How much can you change a school in one academic year? That question threads through the PBS special 180 Days: A Year Inside An American High School. The documentary, which premieres March 25, follows the day-to-day struggles facing the administrators, teachers and students at Washington Metropolitan High School, an alternative school in Washington, D.C.

Also known as D.C. Met, the school serves students who are grappling with an array of challenges — poverty, broken homes, homelessness and decaying communities — many of which do not end when the dismissal bell rings.

While 180 Days focuses on D.C. Met, it illustrates many of the challenges educators encounter in environments of concentrated poverty, often in schools with limited resources. At D.C. Met, some students are homeless, are parents themselves or have parents who abuse drugs. Others, like graduate Raven Quattlebaum, who is featured in the film, may have been involved in gang activity.

"I had to worry about a lot of things in my life other than schoolwork," Quattlebaum, now a college student, tells NPR's Celeste Headlee. "I had to go home and deal with other things."

Metcalfe County High School in rural Edmonton, Ky., operates in a very different environment, geographically.

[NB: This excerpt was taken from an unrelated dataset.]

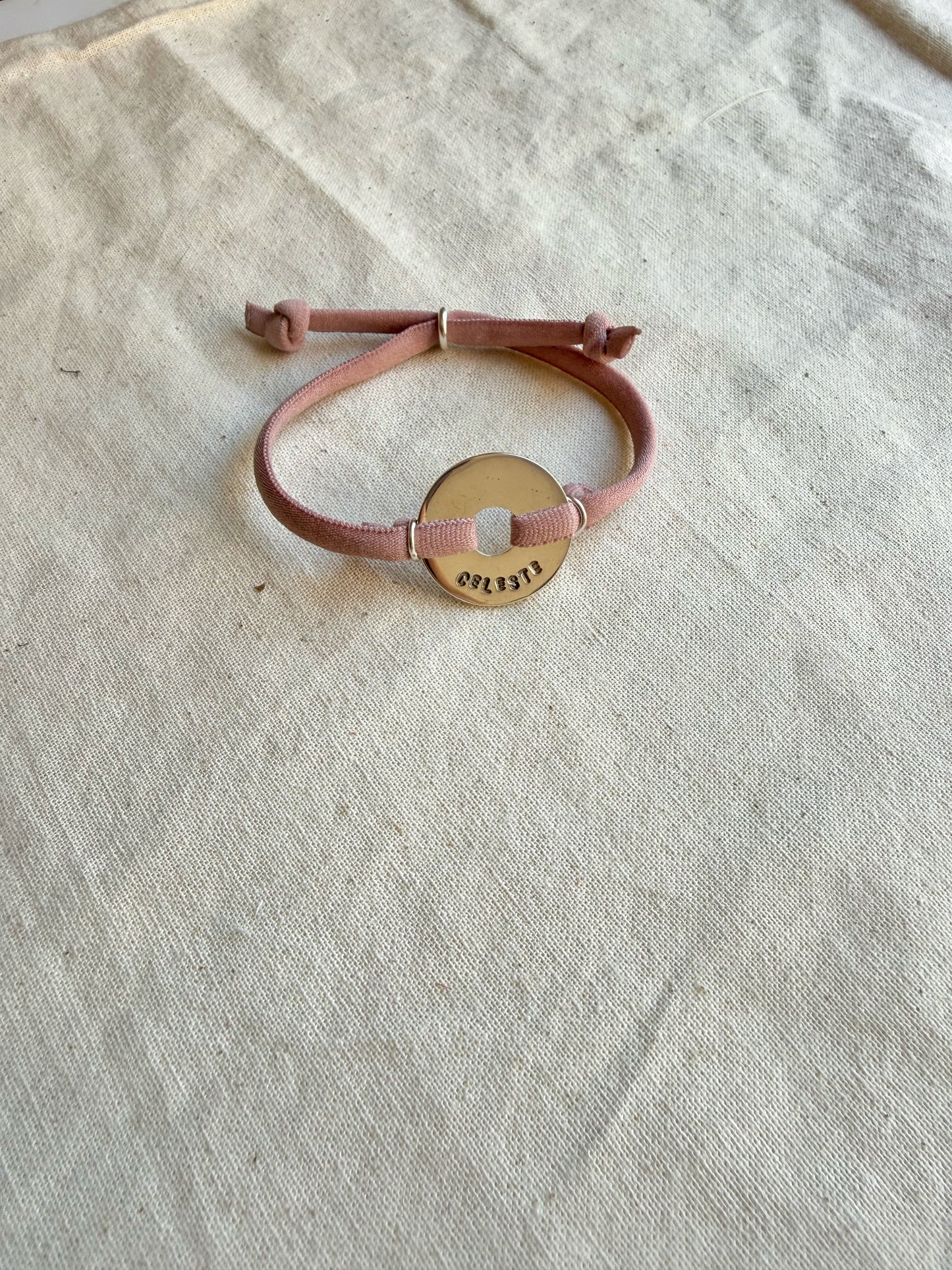 Pulsera personalizada elasticada de plata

But Principal Kelly Bell says that some of the challenges at her school are similar. Metcalfe County High serves an area with the state's second-highest unemployment rate and many students travel long distances to reach school each day, Bell tells Headlee. In 2010, Metcalfe County High was ranked 211 out of 230 Kentucky high schools.

Both schools have seen success in improving student performance. At D.C. Met, every student in the school's first graduating class received their diplomas in 2012, says former principal Tanishia Williams-Minor. And in Kentucky, after launching a turnaround effort at Metcalfe County High in 2010, Bell says the school now ranks 50th among the state's high schools.

Williams-Minor says part of that success at D.C. Met is a result of teachers who are highly engaged with their students. Educators there work closely with students to understand their individual challenges inside and outside of school, ensure they're coming to school each day and help students one-on-one to prepare to apply to college.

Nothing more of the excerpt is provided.